While the concept of the film isn’t entirely original, the characters are so compelling that the audience is willing to forego the notion that they’ve heard this one before. Nicole Kidman shines as Becca, giving her best performance since 2002’s “The Hours,” a much-needed career boost after nearly a decade of films that left much to be desired. Aaron Eckhart also gives an excellent performance as Howie, Becca’s husband.
What’s refreshing about “Rabbit Hole” is that the film never allows its characters to fall into the expected stereotypes. An audience expects one parent to be the active griever, the other the more passive, yet these characters vacillate throughout the entire film as they negotiate their grief as individuals and as a couple.
But it’s Kidman’s character that the film devotes the most attention to, and it’s a wise choice—she demands it. The way in which she uses grief as both a shield and a weapon showed an audacity that I found refreshing. She even gets to shine in a few comedic—albeit entirely uncomfortable—moments during a grief counseling session. Becca is well-rounded and fully texturized in her humanity, and Kidman does the part the justice it deserves.
The supporting cast filled out the film nicely, with great performances from Dianne Wiest and Sandra Oh. But it’s newcomer Miles Teller that completes the puzzle, giving a poignant rendering of his own grief as the teenager behind the wheel during the accident. His performance is one to look out for.
As I mentioned earlier, it’s a film that will take the wind out of your sails; the kind of movie where the audience sits through the credits, not out of interest, but out of a kind of paralysis.
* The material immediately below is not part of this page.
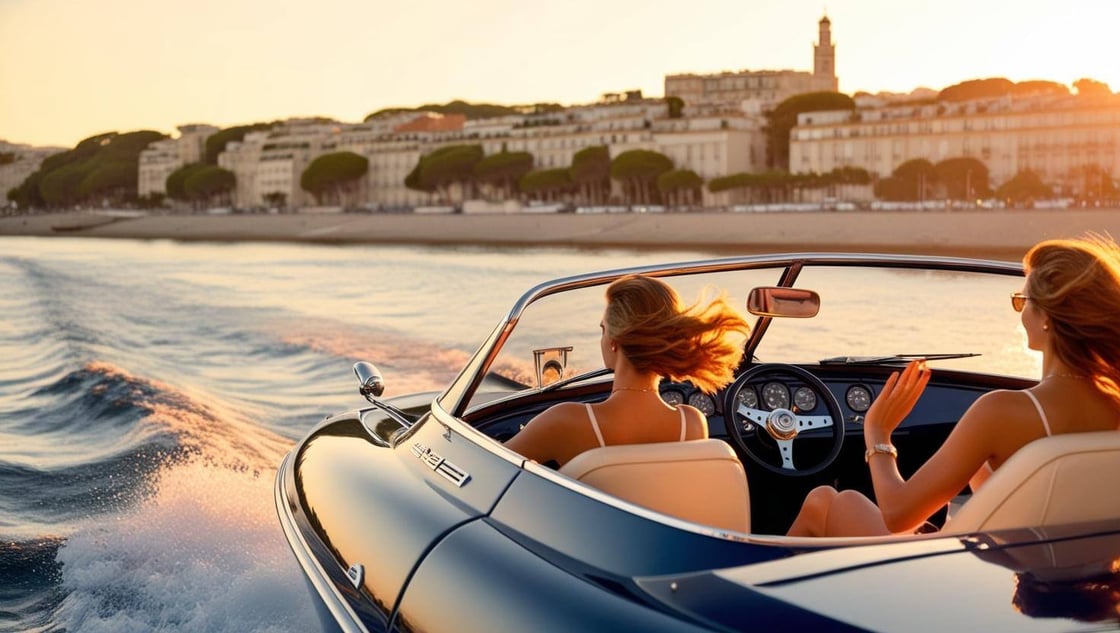 Cinematic wide shot of the French Riviera coastline at sunset. In the foreground, a classic  speedboat, viewed from the stern, is speeding away from the viewer towards the ho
The direction and the script are solid—wonderful even—but it’s the film’s characters that will stay with you, long after you’ve left the theater.
The film has already picked up nominations from the Golden Globes, SAG, and Independent Spirit Awards, so here’s hoping it gets recognized at this year’s Oscar ceremony as well.
Kidman really deserves at least a nod for her performance; it will leave you breathless.